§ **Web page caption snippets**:

******************************

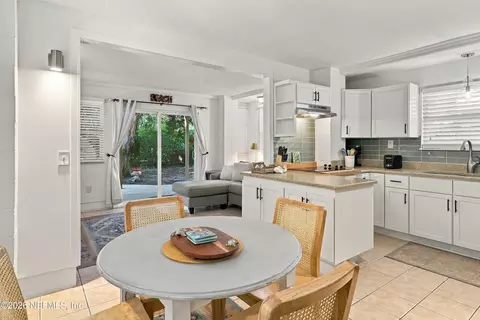 Dining - 152 Manresa Rd, Saint Augustine, FL 32084 photo 8 of 8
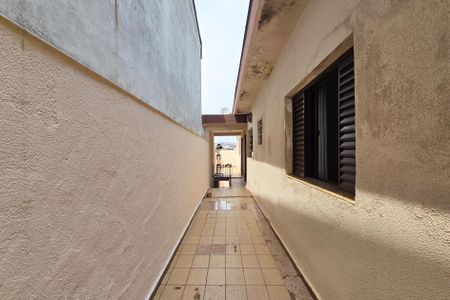 Casa à venda com 250m², 2 quartos e 2 vagas Casa à venda com 250m², 2 quartos e 2 vagasQuintal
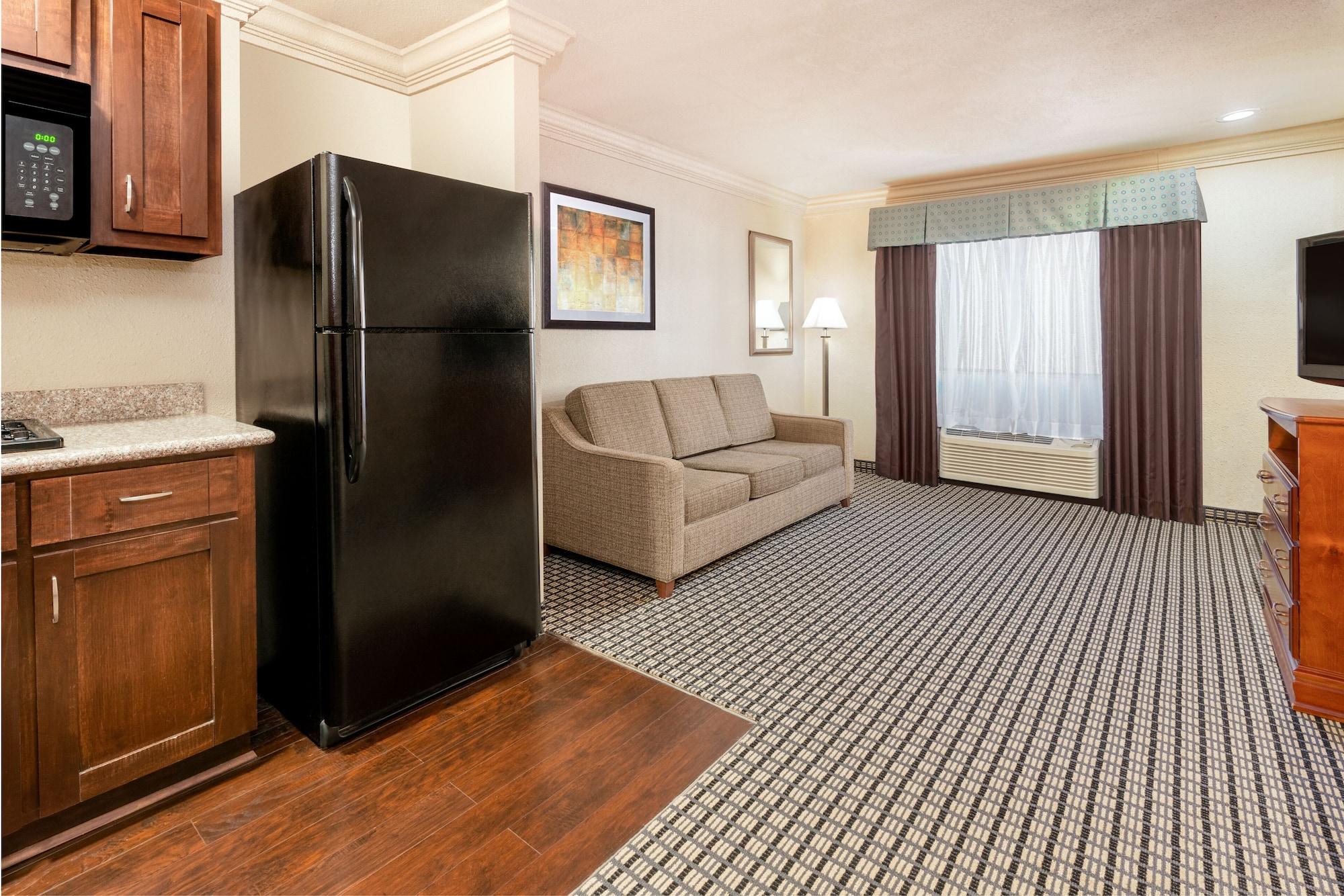 Ramada By Wyndham Houston Intercontinental Airport South Hotel Exterior photo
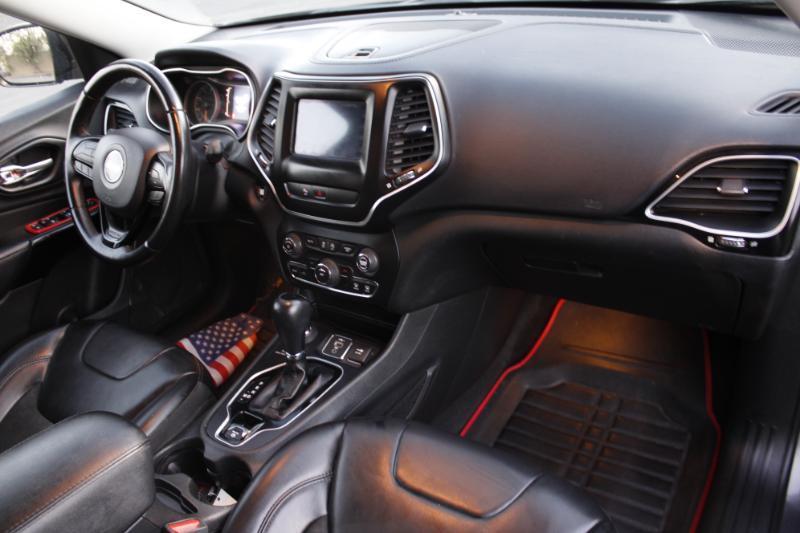 Jeep Cherokee Latitude Plus 4WD 2019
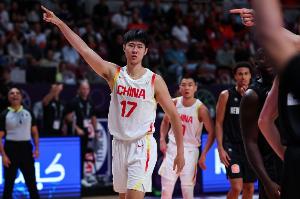 三分神准!赵嘉义替补10中7射落21分 三分5投全中&罚球2中2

******************************

§ **Activity**: The data above should be repeated exactly, minus any pictures.

§ **Worked solution**:
 Dining - 152 Manresa Rd, Saint Augustine, FL 32084 photo 8 of 8
 Casa à venda com 250m², 2 quartos e 2 vagas Casa à venda com 250m², 2 quartos e 2 vagasQuintal
 Ramada By Wyndham Houston Intercontinental Airport South Hotel Exterior photo
 Jeep Cherokee Latitude Plus 4WD 2019
 三分神准!赵嘉义替补10中7射落21分 三分5投全中&罚球2中2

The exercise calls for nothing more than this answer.